▸ Work instructions
Every line below between the one holding "Gold Earrings with" and the one holding "KitchenClouds [2 PCS]", inclusive, should be copied exactly, and no other line.

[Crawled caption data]
┄┄┄┄┄┄
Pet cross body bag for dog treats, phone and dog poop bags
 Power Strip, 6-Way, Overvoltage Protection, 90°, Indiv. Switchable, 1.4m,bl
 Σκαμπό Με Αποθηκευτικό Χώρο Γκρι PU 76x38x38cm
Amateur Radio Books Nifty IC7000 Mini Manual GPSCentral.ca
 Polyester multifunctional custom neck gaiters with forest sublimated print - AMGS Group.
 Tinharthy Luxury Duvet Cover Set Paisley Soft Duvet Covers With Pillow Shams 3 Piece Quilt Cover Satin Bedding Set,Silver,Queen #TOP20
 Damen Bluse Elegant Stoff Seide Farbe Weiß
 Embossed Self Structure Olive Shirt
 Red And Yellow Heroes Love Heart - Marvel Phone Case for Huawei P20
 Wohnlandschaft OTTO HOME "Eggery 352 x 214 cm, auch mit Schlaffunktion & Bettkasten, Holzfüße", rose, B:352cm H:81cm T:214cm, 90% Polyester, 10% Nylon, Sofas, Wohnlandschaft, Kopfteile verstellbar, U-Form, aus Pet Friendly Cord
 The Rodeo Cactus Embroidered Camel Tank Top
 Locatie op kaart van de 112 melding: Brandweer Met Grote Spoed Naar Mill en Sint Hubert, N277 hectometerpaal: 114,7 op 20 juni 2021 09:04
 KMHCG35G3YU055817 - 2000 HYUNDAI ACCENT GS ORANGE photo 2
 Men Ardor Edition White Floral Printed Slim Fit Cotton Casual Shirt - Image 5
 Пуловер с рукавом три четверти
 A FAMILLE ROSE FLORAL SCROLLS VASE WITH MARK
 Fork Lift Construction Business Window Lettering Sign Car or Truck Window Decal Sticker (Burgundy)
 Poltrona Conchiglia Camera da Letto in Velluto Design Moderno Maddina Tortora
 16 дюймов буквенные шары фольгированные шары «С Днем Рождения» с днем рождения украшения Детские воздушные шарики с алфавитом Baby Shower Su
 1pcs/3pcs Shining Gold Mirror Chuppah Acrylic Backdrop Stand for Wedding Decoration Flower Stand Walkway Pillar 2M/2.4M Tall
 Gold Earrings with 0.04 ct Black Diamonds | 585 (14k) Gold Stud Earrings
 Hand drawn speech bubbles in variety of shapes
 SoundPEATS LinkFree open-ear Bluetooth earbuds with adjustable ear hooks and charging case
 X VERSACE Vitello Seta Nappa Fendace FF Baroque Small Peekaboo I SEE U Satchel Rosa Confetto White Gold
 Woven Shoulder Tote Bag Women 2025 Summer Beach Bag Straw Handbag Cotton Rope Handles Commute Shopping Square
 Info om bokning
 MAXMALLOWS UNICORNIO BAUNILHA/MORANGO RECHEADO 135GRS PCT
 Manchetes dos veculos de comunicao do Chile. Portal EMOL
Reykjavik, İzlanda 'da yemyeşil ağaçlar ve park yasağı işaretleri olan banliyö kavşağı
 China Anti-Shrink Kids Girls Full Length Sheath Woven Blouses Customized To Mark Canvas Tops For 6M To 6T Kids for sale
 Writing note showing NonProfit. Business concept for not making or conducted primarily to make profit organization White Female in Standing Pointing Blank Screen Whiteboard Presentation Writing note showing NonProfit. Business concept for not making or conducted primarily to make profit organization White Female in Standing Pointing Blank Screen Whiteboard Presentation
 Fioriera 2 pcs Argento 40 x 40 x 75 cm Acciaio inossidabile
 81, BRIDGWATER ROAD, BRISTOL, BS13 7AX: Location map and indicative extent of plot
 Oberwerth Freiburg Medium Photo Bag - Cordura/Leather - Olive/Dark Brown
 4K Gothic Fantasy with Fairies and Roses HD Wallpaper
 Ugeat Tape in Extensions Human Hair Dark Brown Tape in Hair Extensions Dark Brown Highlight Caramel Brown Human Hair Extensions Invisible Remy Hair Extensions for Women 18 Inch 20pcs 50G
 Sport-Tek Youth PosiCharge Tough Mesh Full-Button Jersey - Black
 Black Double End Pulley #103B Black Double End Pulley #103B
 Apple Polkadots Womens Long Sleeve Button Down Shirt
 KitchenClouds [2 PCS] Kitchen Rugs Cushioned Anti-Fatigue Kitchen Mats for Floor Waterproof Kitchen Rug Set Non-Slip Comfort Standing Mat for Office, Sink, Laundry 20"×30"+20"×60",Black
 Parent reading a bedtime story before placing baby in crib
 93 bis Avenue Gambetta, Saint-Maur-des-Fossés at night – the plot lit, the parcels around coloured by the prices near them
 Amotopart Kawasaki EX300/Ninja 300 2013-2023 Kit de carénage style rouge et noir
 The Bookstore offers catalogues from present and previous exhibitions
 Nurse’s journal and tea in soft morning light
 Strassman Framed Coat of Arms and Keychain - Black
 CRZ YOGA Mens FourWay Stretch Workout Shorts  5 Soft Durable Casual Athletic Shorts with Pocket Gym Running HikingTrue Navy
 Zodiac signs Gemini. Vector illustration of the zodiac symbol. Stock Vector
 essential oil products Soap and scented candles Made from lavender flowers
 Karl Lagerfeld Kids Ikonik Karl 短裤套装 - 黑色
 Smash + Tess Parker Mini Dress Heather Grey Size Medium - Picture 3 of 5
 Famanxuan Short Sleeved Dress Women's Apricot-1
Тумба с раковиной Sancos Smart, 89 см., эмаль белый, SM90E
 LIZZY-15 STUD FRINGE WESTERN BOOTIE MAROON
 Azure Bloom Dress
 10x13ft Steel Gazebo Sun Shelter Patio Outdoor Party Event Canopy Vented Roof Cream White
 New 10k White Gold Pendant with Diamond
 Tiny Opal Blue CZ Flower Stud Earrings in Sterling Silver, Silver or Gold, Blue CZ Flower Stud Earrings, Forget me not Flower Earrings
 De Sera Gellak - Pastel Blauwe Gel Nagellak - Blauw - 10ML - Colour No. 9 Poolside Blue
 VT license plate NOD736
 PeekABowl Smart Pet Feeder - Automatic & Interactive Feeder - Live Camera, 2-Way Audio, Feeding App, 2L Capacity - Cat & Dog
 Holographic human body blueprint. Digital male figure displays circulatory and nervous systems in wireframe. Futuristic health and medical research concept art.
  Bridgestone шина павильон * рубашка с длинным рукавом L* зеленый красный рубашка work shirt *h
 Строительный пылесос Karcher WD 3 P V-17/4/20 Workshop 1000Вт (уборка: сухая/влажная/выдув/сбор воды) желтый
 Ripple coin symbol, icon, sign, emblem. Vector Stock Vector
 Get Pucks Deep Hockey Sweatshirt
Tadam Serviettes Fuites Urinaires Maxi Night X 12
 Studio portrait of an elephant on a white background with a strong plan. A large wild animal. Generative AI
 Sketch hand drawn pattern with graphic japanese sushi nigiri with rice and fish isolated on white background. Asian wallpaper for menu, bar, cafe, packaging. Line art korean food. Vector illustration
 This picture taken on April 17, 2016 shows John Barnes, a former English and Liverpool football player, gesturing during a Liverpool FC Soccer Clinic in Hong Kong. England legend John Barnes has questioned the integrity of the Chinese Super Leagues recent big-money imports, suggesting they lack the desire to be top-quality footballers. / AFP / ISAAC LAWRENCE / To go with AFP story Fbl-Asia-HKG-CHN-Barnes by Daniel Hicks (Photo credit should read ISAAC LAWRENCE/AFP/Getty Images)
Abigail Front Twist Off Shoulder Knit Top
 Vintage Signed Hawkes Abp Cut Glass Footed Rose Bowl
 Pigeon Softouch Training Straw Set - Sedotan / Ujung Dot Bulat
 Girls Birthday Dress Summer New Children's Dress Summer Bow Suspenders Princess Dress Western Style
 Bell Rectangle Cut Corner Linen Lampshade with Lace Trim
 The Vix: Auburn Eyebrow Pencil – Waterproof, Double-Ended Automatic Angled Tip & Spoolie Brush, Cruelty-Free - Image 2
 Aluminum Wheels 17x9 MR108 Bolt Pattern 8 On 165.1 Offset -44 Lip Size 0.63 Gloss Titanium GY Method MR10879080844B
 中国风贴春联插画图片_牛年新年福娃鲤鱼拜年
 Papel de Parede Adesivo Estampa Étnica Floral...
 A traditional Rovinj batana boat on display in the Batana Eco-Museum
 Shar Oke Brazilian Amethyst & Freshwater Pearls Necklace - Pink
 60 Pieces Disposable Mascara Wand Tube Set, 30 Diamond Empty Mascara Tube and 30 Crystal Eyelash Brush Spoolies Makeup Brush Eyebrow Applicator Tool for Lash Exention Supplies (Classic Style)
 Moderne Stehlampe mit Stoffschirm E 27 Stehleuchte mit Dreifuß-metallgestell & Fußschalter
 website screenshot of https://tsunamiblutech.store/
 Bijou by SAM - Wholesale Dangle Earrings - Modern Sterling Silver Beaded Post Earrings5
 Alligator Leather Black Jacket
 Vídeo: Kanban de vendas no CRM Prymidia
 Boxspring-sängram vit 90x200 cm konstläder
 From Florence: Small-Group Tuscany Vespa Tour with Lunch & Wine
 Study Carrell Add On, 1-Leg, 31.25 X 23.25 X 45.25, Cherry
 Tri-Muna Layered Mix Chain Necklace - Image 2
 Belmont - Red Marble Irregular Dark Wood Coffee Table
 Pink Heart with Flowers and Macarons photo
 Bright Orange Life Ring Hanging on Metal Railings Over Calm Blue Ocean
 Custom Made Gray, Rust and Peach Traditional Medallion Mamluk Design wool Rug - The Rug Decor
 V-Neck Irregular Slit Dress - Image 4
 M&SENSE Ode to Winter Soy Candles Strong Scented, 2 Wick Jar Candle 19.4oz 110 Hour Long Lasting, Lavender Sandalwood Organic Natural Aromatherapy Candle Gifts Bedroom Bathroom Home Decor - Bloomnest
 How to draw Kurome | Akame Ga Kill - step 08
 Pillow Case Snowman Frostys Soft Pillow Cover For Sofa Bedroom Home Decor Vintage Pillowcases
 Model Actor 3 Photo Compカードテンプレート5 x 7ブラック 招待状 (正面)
┄┄┄┄┄┄
▸ Response to the exercise
 Gold Earrings with 0.04 ct Black Diamonds | 585 (14k) Gold Stud Earrings
 Hand drawn speech bubbles in variety of shapes
 SoundPEATS LinkFree open-ear Bluetooth earbuds with adjustable ear hooks and charging case
 X VERSACE Vitello Seta Nappa Fendace FF Baroque Small Peekaboo I SEE U Satchel Rosa Confetto White Gold
 Woven Shoulder Tote Bag Women 2025 Summer Beach Bag Straw Handbag Cotton Rope Handles Commute Shopping Square
 Info om bokning
 MAXMALLOWS UNICORNIO BAUNILHA/MORANGO RECHEADO 135GRS PCT
 Manchetes dos veculos de comunicao do Chile. Portal EMOL
Reykjavik, İzlanda 'da yemyeşil ağaçlar ve park yasağı işaretleri olan banliyö kavşağı
 China Anti-Shrink Kids Girls Full Length Sheath Woven Blouses Customized To Mark Canvas Tops For 6M To 6T Kids for sale
 Writing note showing NonProfit. Business concept for not making or conducted primarily to make profit organization White Female in Standing Pointing Blank Screen Whiteboard Presentation Writing note showing NonProfit. Business concept for not making or conducted primarily to make profit organization White Female in Standing Pointing Blank Screen Whiteboard Presentation
 Fioriera 2 pcs Argento 40 x 40 x 75 cm Acciaio inossidabile
 81, BRIDGWATER ROAD, BRISTOL, BS13 7AX: Location map and indicative extent of plot
 Oberwerth Freiburg Medium Photo Bag - Cordura/Leather - Olive/Dark Brown
 4K Gothic Fantasy with Fairies and Roses HD Wallpaper
 Ugeat Tape in Extensions Human Hair Dark Brown Tape in Hair Extensions Dark Brown Highlight Caramel Brown Human Hair Extensions Invisible Remy Hair Extensions for Women 18 Inch 20pcs 50G
 Sport-Tek Youth PosiCharge Tough Mesh Full-Button Jersey - Black
 Black Double End Pulley #103B Black Double End Pulley #103B
 Apple Polkadots Womens Long Sleeve Button Down Shirt
 KitchenClouds [2 PCS] Kitchen Rugs Cushioned Anti-Fatigue Kitchen Mats for Floor Waterproof Kitchen Rug Set Non-Slip Comfort Standing Mat for Office, Sink, Laundry 20"×30"+20"×60",Black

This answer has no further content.